DLP can even be used to project color, primarily used in cinema and large display applications. Such applications use a three-chip system. The white light generated by the lamp passes through a prism that divides it into red, green and blue. Each DLP chip is identified for each of these three colors; the colored light that the micromirrors reflect is then combined and passed through the projection lens to form an image.
Light from the DLP system’s light source hits the entire chip. Each mirror can be viewed as an On or Off “pixel.” If a mirror is pointed in one direction with the light, then that mirror is “On.” If the mirror is pointed away from the light, then it is “Off.” The “Off” light will not hit the build area but will hit a light absorber. Each mirror can be switched on and off several thousand times per second. The number of mirrors determines the build area as well as the resolution.
The envisionTEC and Z Corp rapid prototyping systems use a modified version of this chip, with some of the modifications being proprietary. These systems use the highest resolution DLP chip available; 1920 by 1200 total pixels, which is twice the resolution of a standard HDTV.
As Joe Titlow, Director of Product Management noted, “Our focus was not on the image clarity the chip delivers. The modifications we were interested in involved getting as much energy as possible, as accurately and purely as possible, from its source into the build area.”
The build size of the ZBuilder is 10.2 x 6.3 x 7.5 in. (260 x 160 x 190 mm). According to Z Corp., this printer is competitive with stereolithography, FDM, and photopolymer-jetting technologies, offering comparable quality in part accuracy, resolution, and material properties but at one-third the price. Compared with low-end FDM systems, it shares a similar price point but delivers true plastic parts with surface finish that rivals injection molding.
The chip’s mirrors focus the energy of the UV light source to cure in one step. Because of this exposure, the equipment only needs to move in the Z direction. Thus, it can expose a number of parts simultaneously, as opposed to a laser beam tracing parts on a build tray individually. The simultaneous exposure makes DLP based systems about two to five times faster than SLA equipment.

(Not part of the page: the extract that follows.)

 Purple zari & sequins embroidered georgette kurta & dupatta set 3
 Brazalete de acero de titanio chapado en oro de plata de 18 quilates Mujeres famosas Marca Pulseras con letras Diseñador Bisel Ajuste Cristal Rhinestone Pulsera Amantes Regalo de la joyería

When it comes to materials, lasers have higher energy density so they can be used with more materials. With DLP, the main material is a resin with ABS like performance. According to Titlow, other materials will be coming later, including the possibilities of clear resins and casting waxes.
Parts made from the liquid photo-polymer mimic injection molding on accuracy, material properties, detail, and surface finish. The parts do not display a stair-stepping effect common with layer-build 3D printing. In addition, these DPL systems give you precise control over each volumetric pixel, or voxel.